WORK REQUEST » Exactly as written, transcribe the data from its opening line through the line containing "A third type". Leave every picture out.

SOURCE MATERIAL »
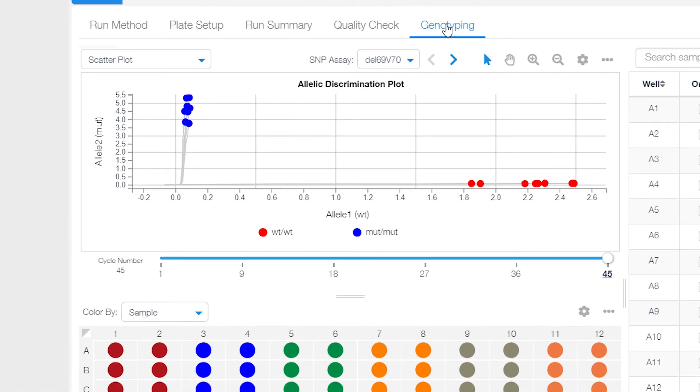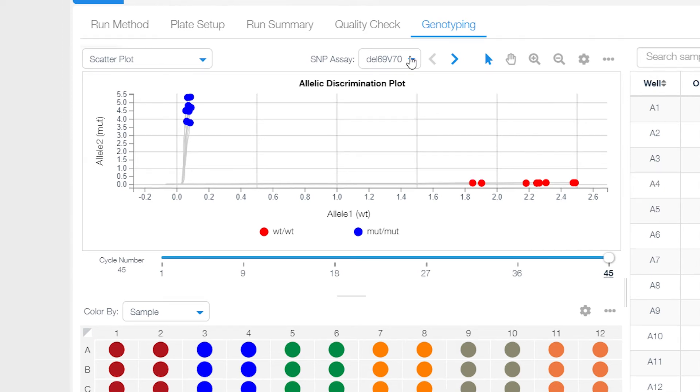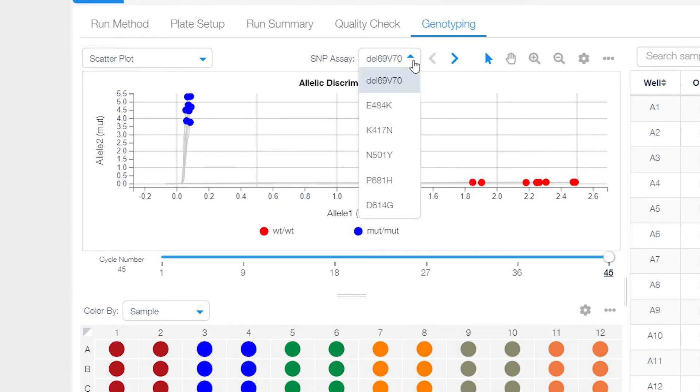If you ran more than one assay, select your mutation of interest using the drop-down menu next to SNP Assay. In this example, we will choose the N501Y mutation.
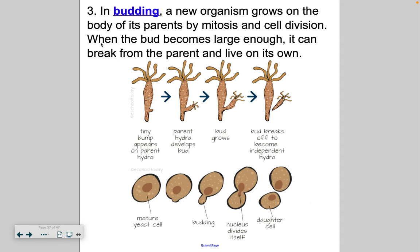A third type of asexual reproduction is called budding, and this is kind of unique. The new organism actually grows off the parent — it buds off, that's why they call it budding — through a process of mitosis and cell division. This occurs in eukaryotic organisms. When the bud becomes large enough, it literally just breaks off and becomes its own separate entity. We see budding in hydra, and we also see it in yeast cells.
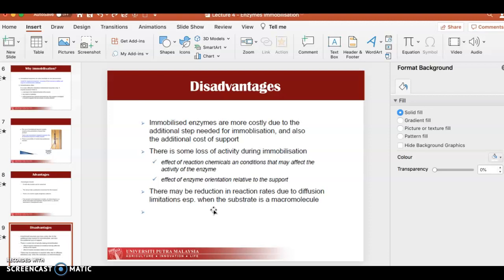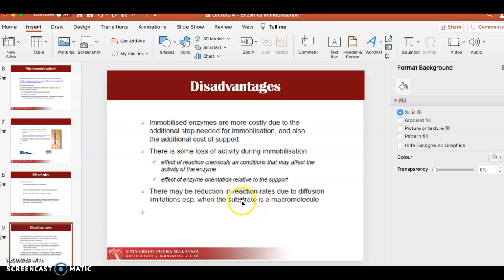Immobilized enzymes are more costly due to the additional steps and chemicals needed for immobilization. There is also some loss of activity during immobilization because the enzyme cannot move freely, so the interaction between the active site and substrate is reduced. The enzyme orientation may be static, limiting free reaction with substrate. There may also be a reduction in reaction rates due to diffusion limitations, especially when the substrate is a macromolecule that cannot penetrate into the matrix.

SOLVED EXERCISE »
If you ran more than one assay, select your mutation of interest using the drop-down menu next to SNP Assay. In this example, we will choose the N501Y mutation.
A third type of asexual reproduction is called budding, and this is kind of unique. The new organism actually grows off the parent — it buds off, that's why they call it budding — through a process of mitosis and cell division. This occurs in eukaryotic organisms. When the bud becomes large enough, it literally just breaks off and becomes its own separate entity. We see budding in hydra, and we also see it in yeast cells.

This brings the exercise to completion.